Burlesque London - Welcome to the Cabaret

Never trust a travel writer
London’s burlesque scene is divinely decadent. From Soho to Mayfair, the tease is being put back into striptease. Don't forget your bedroom eyes or chainmail basque.
– summary

London is indulging in a naughty cabaret moment. From Soho to Mayfair, teasing is pleasing, vice is nice and burlesque is back in fashion. As Liza Minelli once sang, “Life is a Cabaret, old chum.”

 Burlesque artiste Dita von Teese, famed for putting the tease back into striptease, was recently celebrated at the Café Royal. Jude Law has been spotted partying at the cabaret nightclub, the Box Soho. As unreliable journalists know, two mentions make a trend.

In an Art Deco ballroom a petite model is soaping herself in a giant Martini glass. She’s not Dita von Teese but she is a tease. Her itsy-bitsy chainmail basque has lost its fight against gravity. Voyeurs crowd in for a closer look, conceivably for a sneaky crotch-shot as selfie. Her soul sister, possibly Milly von Squeeze, is stretched out like a naked sacrifice to London loucheness, bonding with her pert pole.

Sheraton Grand Frieze © Sheraton Grand
Sheraton Grand Frieze © Sheraton Grand

We women ponder whether von Squeeze is a true burlesque artiste, as opposed to a shameless exhibitionist with a bendy body. We clock the tributes to Berlin’s divinely decadent Kit Kat Club in Weimar Germany, chilling echoes of a society in decay. We can almost feel the rustle of vintage corsets on these glamorous goodtime girls.
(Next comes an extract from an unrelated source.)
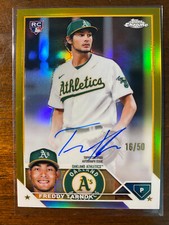 2023 Topps Chrome Freddy Tarnok #RA-FT RC Rookie Gold Refractor /50 Auto A's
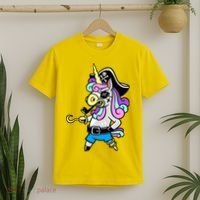 Pirate Magical Unicorn T-Shirt thumb 2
This is the Hollywood version of bleak Berlin, more Vegas than vice, more sparkle than sleaze, and definitely no Nazis gate-crashing the party. 

The London lads profess no such scientific interest in burlesque: it’s horizontal pole-dancing in real time. Tired of virtual sex, the sexting and the swiping, hungry hustlers clamber towards the stage for a better view. Violet light catches the smouldering models, revealing lashings of dusky pink flesh. We, too, might pole-dance if we looked this good in a chainmail basque, a garment designed to humiliate all but the bounciest burlesque dancers. Welcome to the Cabaret, Mein Herr!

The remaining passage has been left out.